Class OCRCharacterAttribute

java.lang.Object
com.lexalytics.salience.OCRCharacterAttribute

public class OCRCharacterAttribute
extends java.lang.Object

An OCRCharacterAttribute object represents the location of an OCR'ed character on a document page and the confidence that the character was read correctly.

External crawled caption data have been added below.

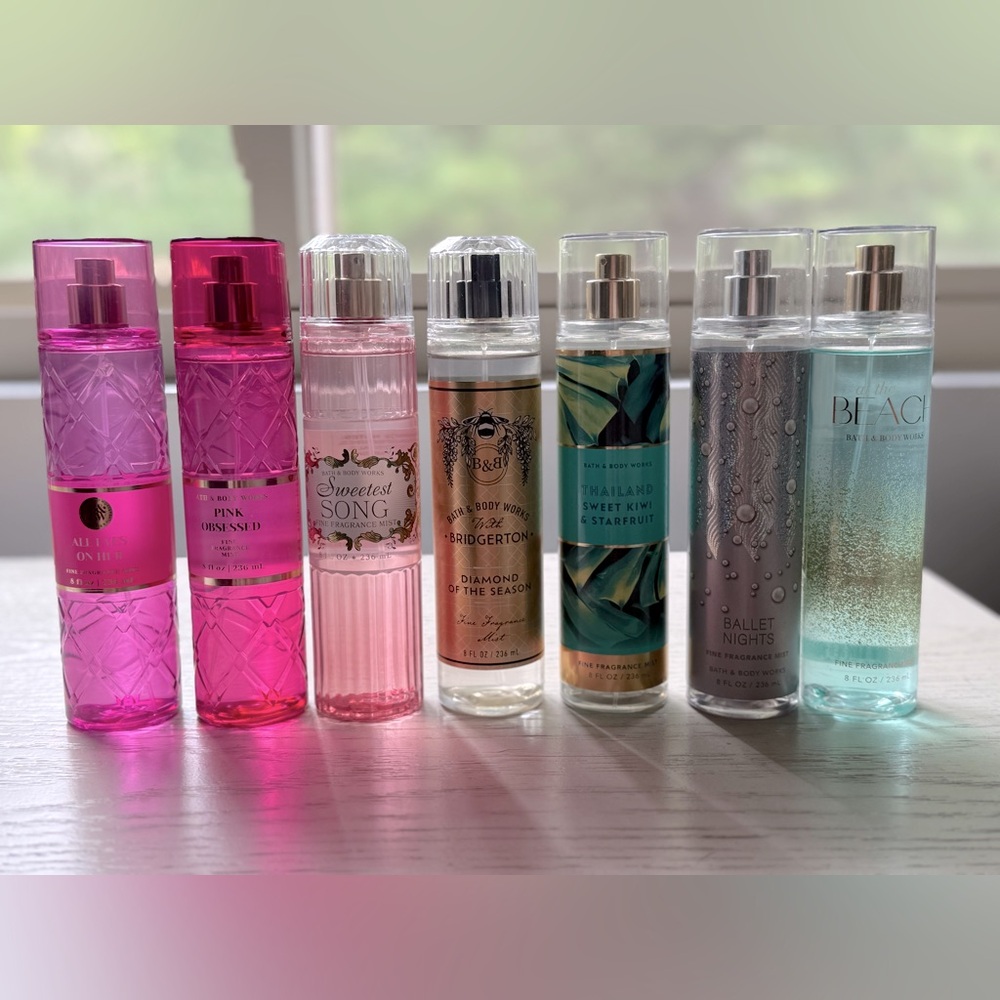 Bath and Body Works Assorted Fragrance Mist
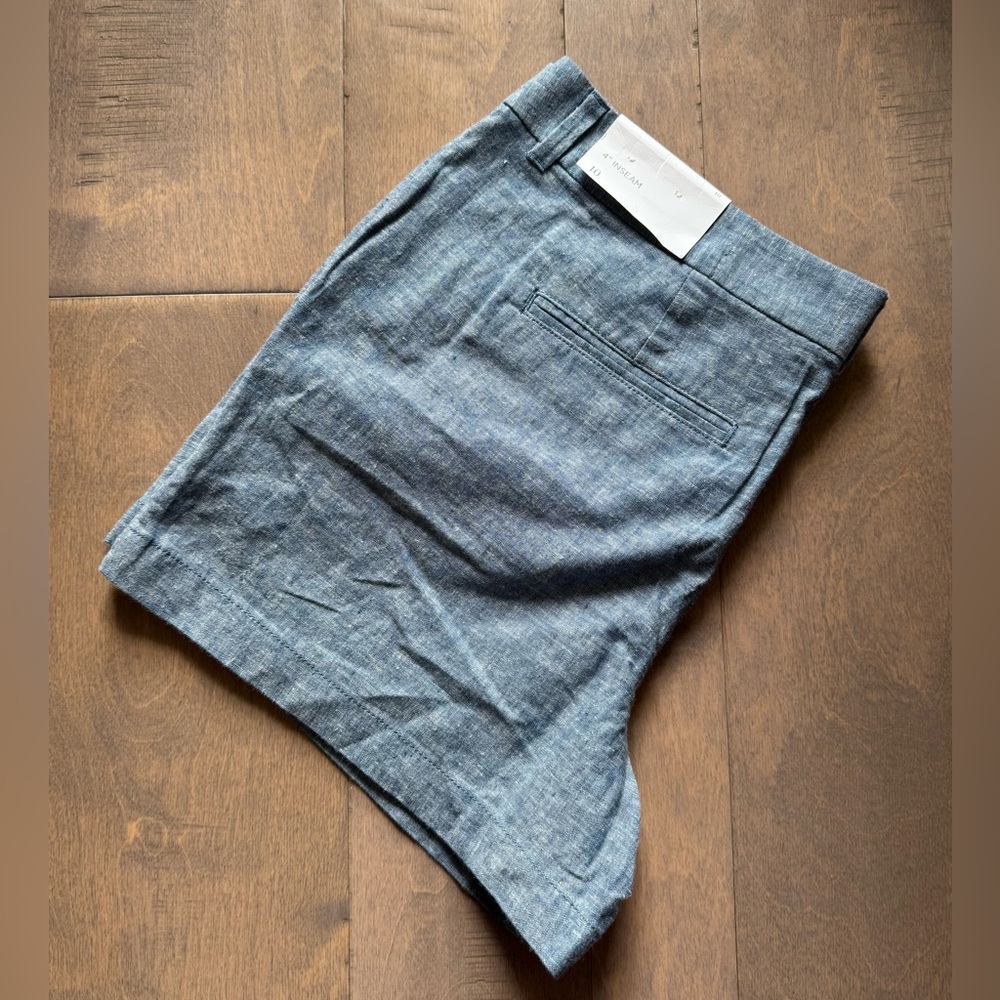 NWT LOFT 4” Denim Shorts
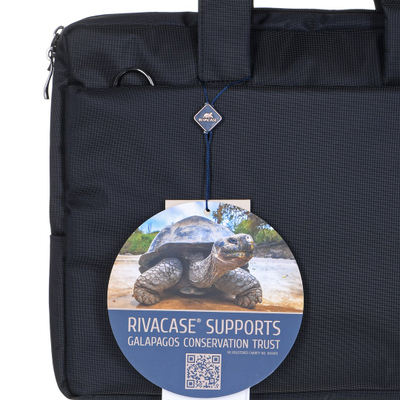 Çantë laptopi RivaCase Central 8231, 15.6", e zezë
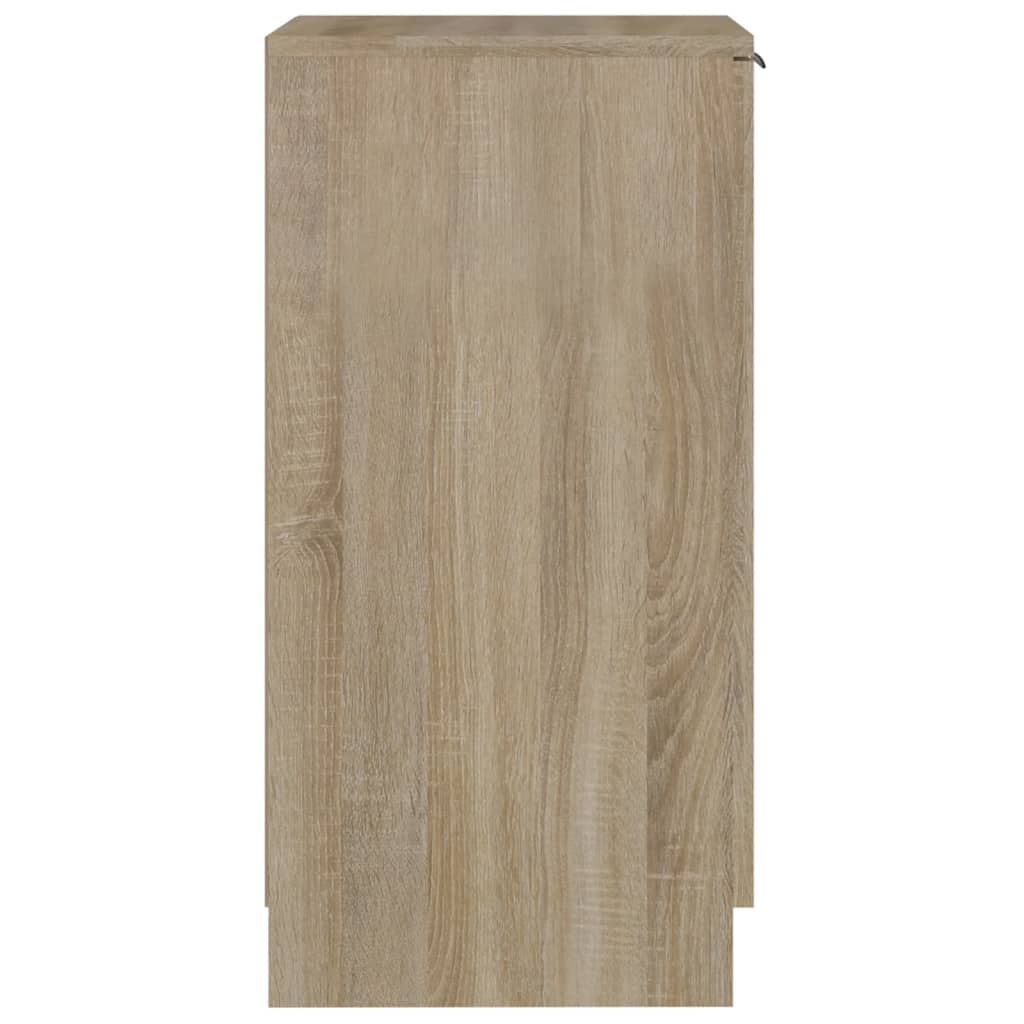 Scarpiera Rovere Sonoma 30x35x70 cm in Legno Multistrato - homemem39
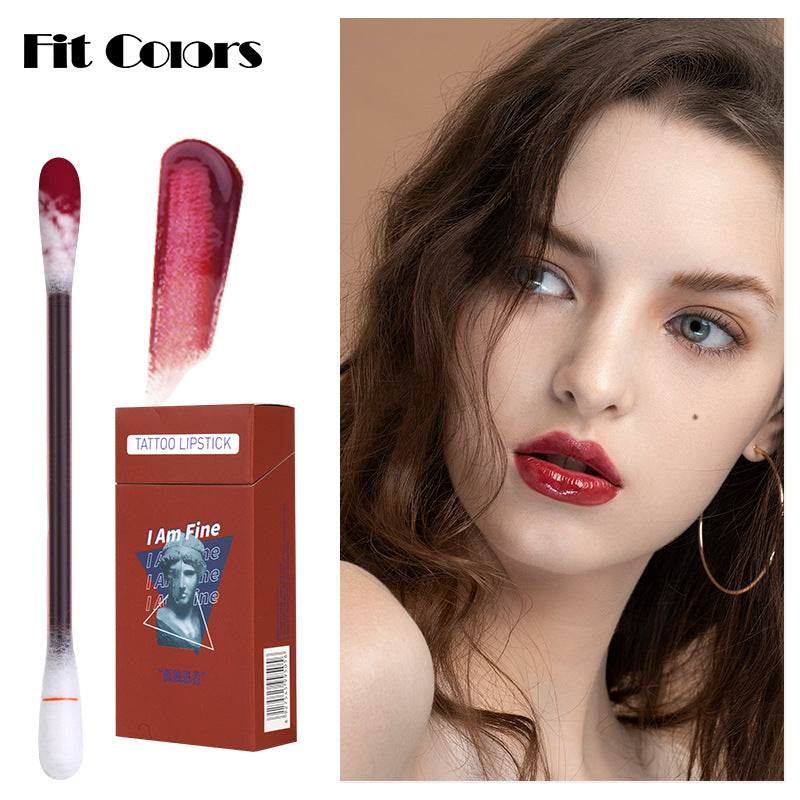 Glaze à Lèvres en Coton - Rouge à Lèvres Liquide Premium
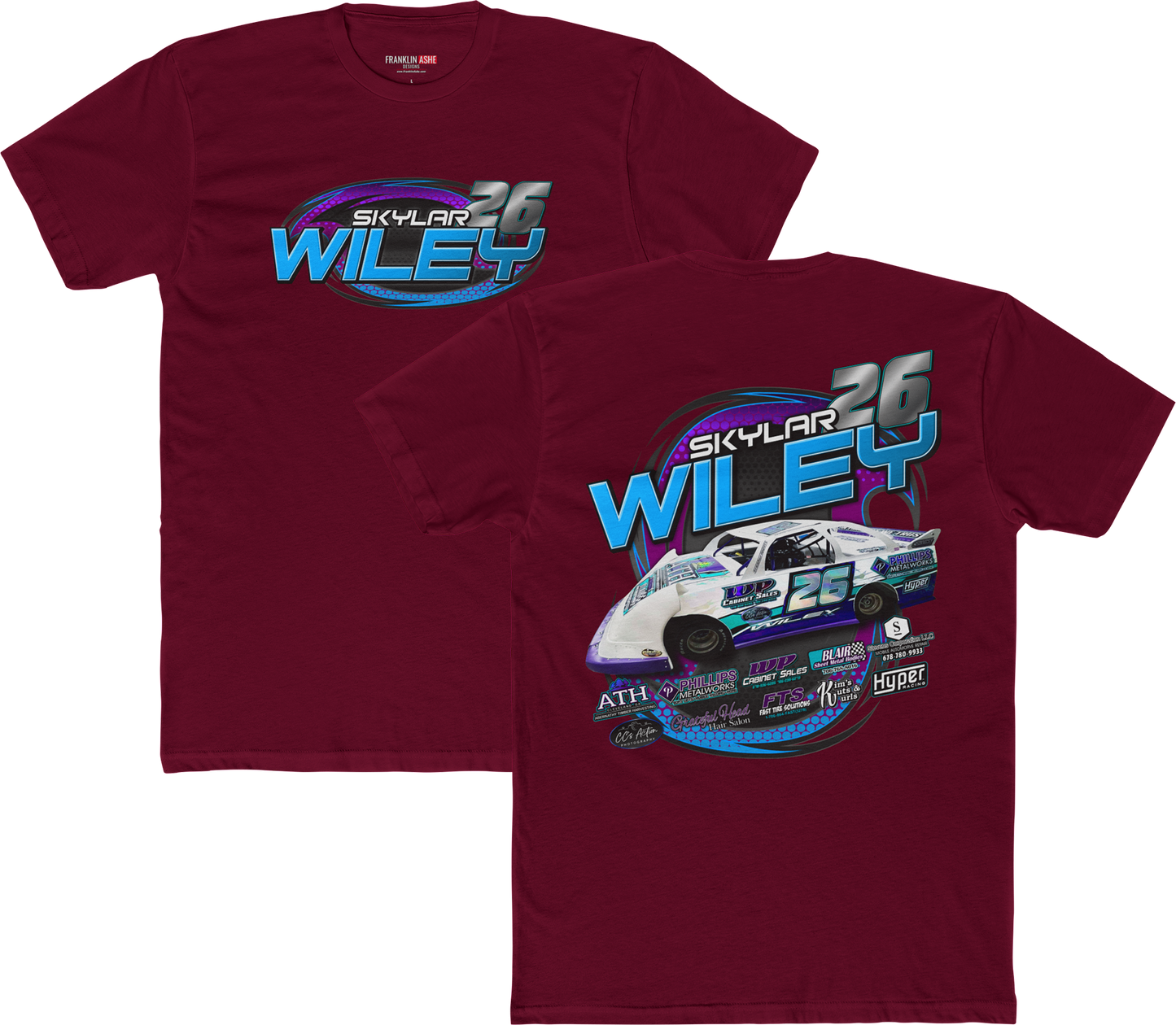 Premium Skylar Wiley SHARP Tee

A vector of attributes for suspect characters is passed as a parameter to a call to the Salience.CorrectOCRErrors(java.util.Vector<com.lexalytics.salience.OCRCharacterAttribute>, float) API call to guide the error correction process. Only those words whose characters appear in this attribute vector will be corrected. If the vector is empty, all words in the document will be checked and corrected if neccessary.

  • Field Summary

    Fields 
    Modifier and Type Field Description
    float fConfidence  
    float fHeight  
    float fWidth  
    float fXPosition  
    float fYPosition  
    int nCharOffset  
    int nPage  
  • Constructor Summary

    Constructors 
    Constructor Description
    OCRCharacterAttribute​(int nCharOffset, float fConfidence, float fHeight, float fWidth, float fXPosition, float fYPosition, int nPage)
    Creates a new OCR character attribute.
  • Method Summary

    Methods inherited from class java.lang.Object

    clone, equals, finalize, getClass, hashCode, notify, notifyAll, toString, wait, wait, wait
  • Field Details

  • Constructor Details

    • OCRCharacterAttribute

      public OCRCharacterAttribute​(int nCharOffset, float fConfidence, float fHeight, float fWidth, float fXPosition, float fYPosition, int nPage)
      Creates a new OCR character attribute. Set any unused parameter to -1.
      Parameters:
      nCharOffset - Character offset of the OCR'ed character in the document text
      fConfidence - Confidence that the character was OCR'ed correctly, in range 0.0-1.0. Optional, set this to -1.0 if not used
      fHeight - Height of the character bounding box, in typographical points. Optional, set this to -1.0 if not used
      fWidth - Width of the character bounding box, in typographical points. Optional, set this to -1.0 if not used
      fXPosition - Distance of the left side of character bounding box from left side of document page, in typographical points. Optional, set this to -1.0 if not used
      fYPosition - Distance of the top of character bounding box from top of document page, in typographical points. Optional, set this to -1.0 if not used
      nPage - Page number on which character, starting from 0. Optional, set this to -1 if not used.